TASK DETAILS -> Beginning with the line that has "Property photo for", write out each line down to the end of the records below exactly, and include no pictures.

Dataset entries ->
========

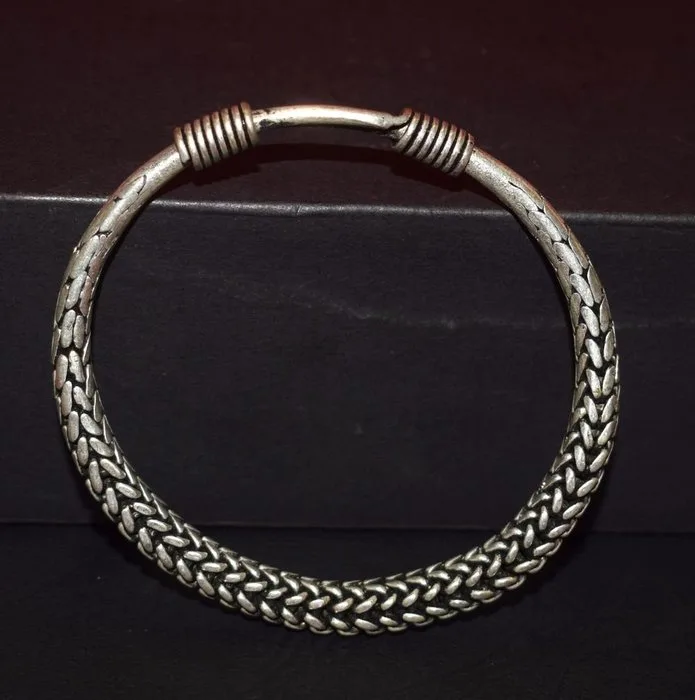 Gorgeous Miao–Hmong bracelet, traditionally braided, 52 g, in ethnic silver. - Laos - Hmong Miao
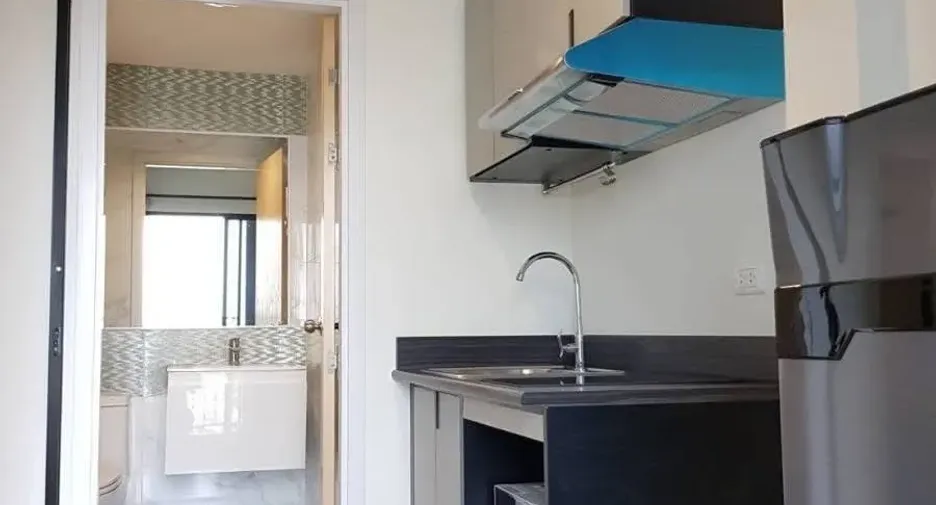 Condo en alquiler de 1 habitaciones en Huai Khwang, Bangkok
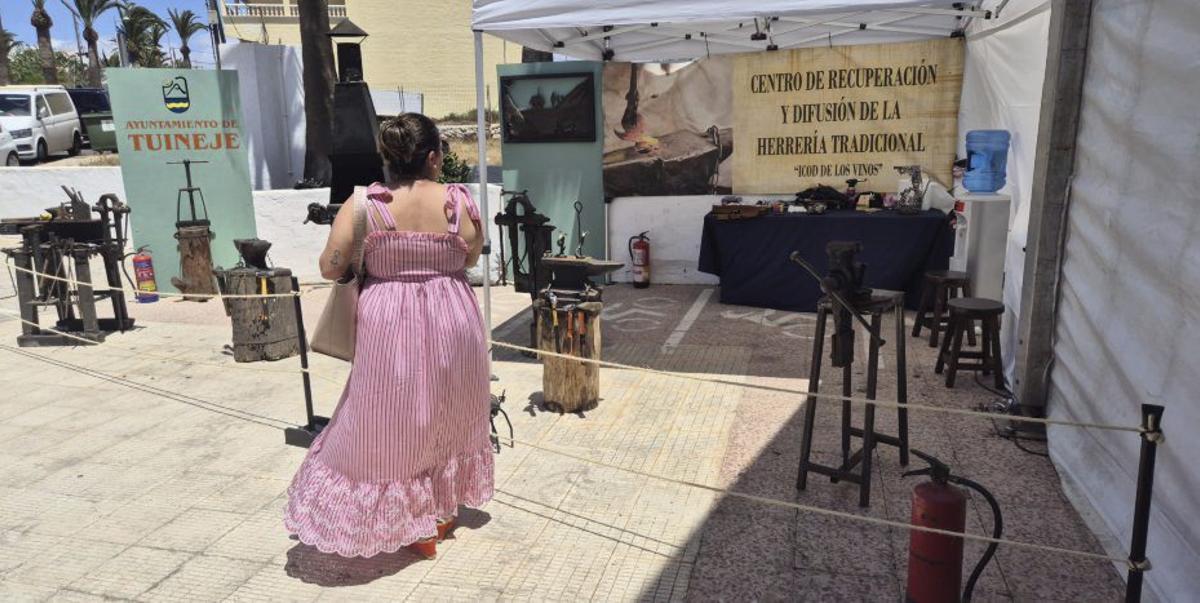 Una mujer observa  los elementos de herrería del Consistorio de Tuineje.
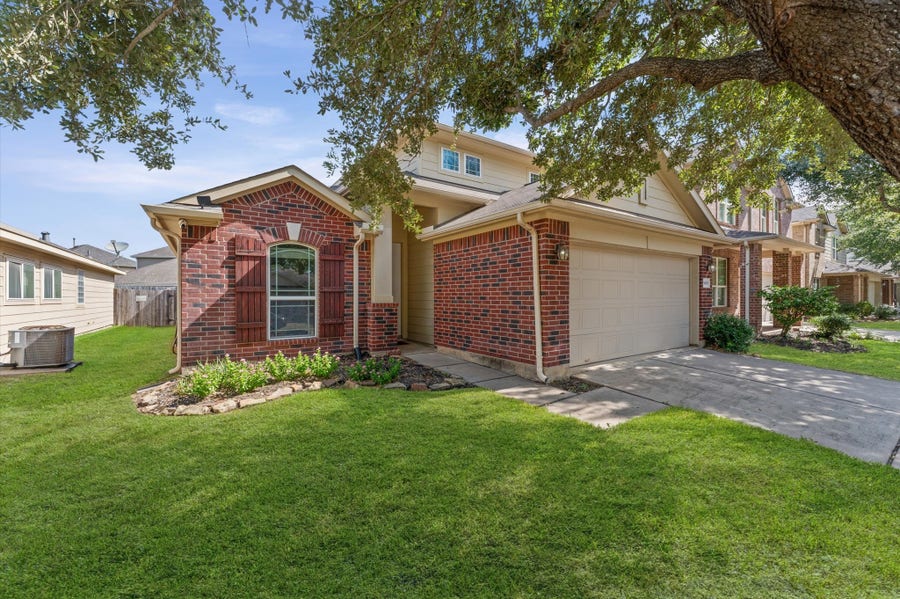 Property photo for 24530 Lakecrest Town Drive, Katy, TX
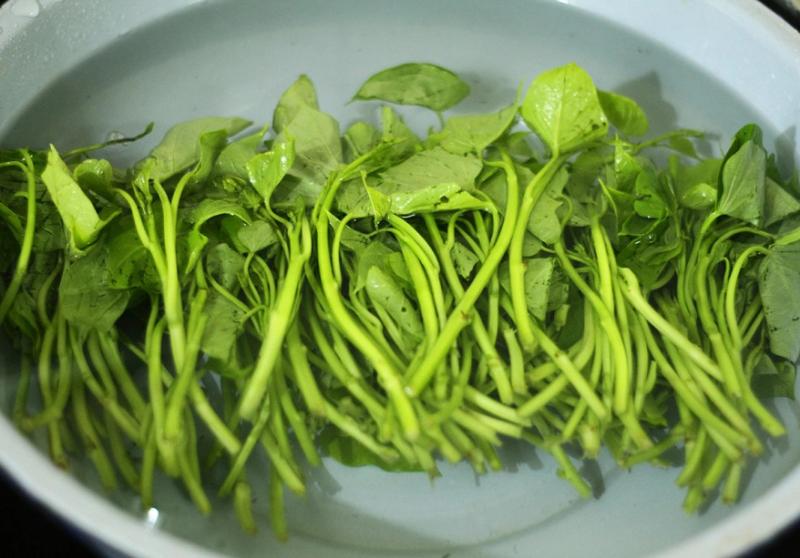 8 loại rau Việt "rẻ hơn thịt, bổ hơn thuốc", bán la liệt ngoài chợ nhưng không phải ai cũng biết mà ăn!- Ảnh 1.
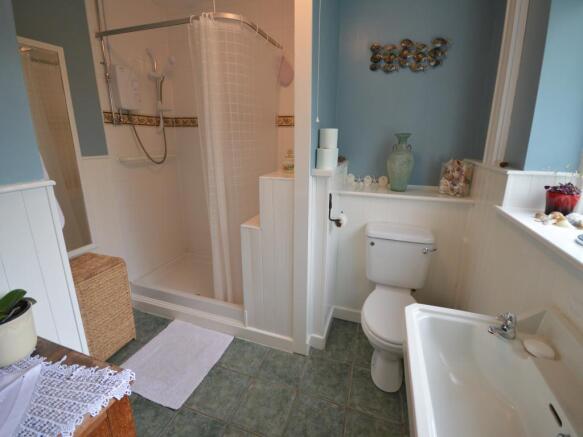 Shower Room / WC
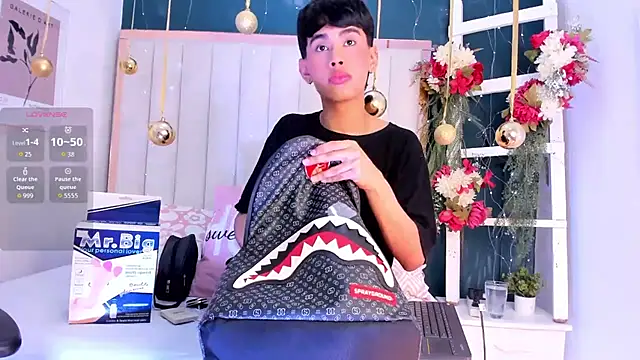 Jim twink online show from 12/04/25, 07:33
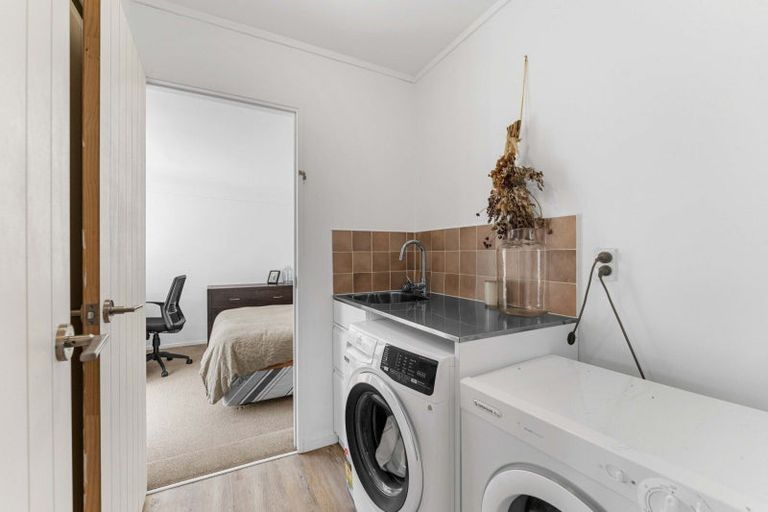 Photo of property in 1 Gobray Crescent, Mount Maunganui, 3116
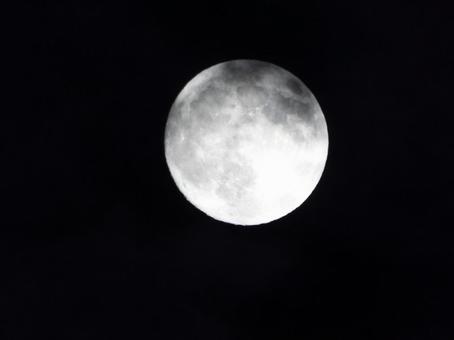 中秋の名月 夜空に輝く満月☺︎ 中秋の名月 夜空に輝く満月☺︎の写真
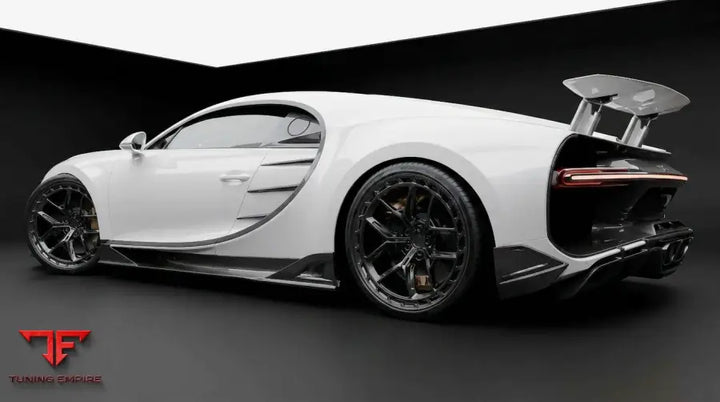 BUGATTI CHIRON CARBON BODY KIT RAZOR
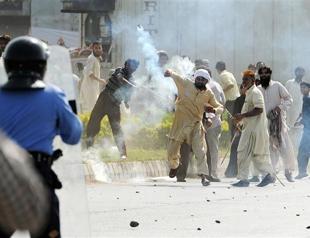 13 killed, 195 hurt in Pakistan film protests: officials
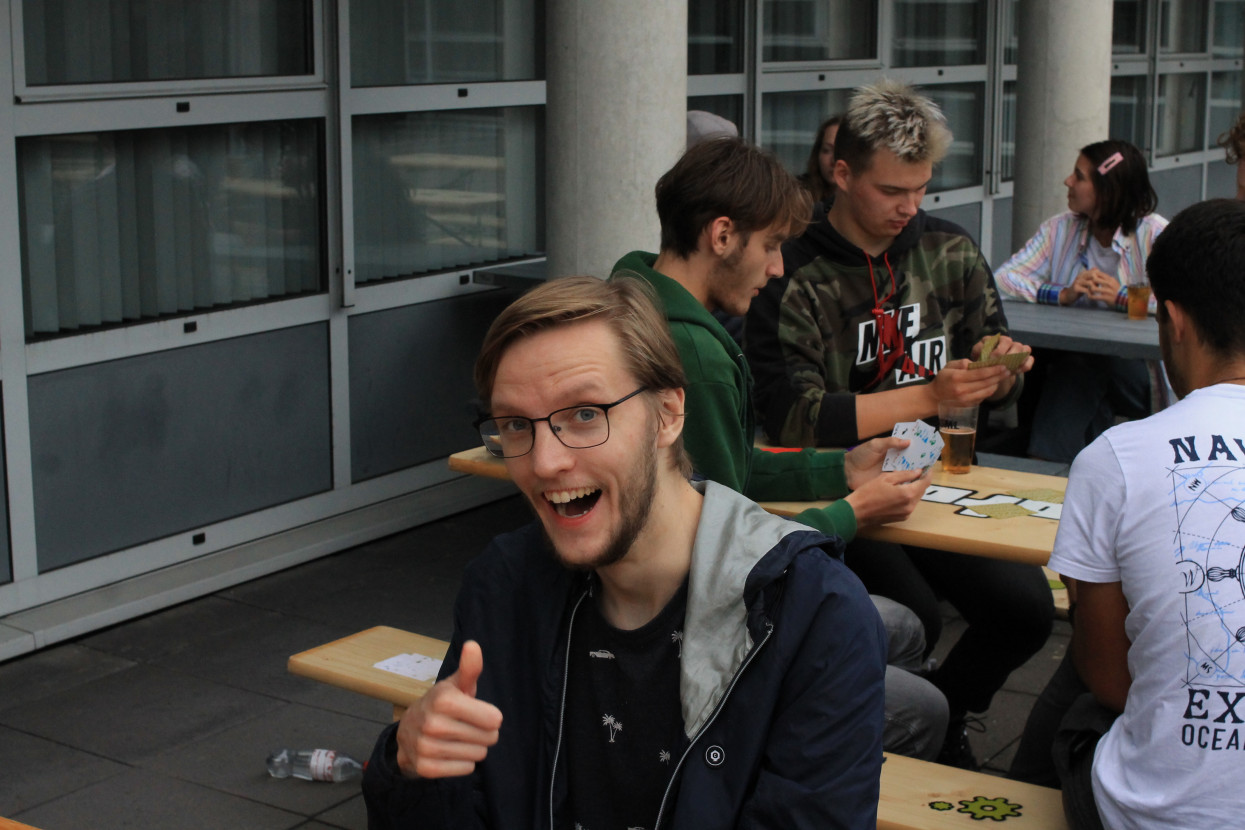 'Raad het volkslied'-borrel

========

RESULT ->
 Property photo for 24530 Lakecrest Town Drive, Katy, TX
 8 loại rau Việt "rẻ hơn thịt, bổ hơn thuốc", bán la liệt ngoài chợ nhưng không phải ai cũng biết mà ăn!- Ảnh 1.
 Shower Room / WC
 Jim twink online show from 12/04/25, 07:33
 Photo of property in 1 Gobray Crescent, Mount Maunganui, 3116
 中秋の名月 夜空に輝く満月☺︎ 中秋の名月 夜空に輝く満月☺︎の写真
 BUGATTI CHIRON CARBON BODY KIT RAZOR
 13 killed, 195 hurt in Pakistan film protests: officials
 'Raad het volkslied'-borrel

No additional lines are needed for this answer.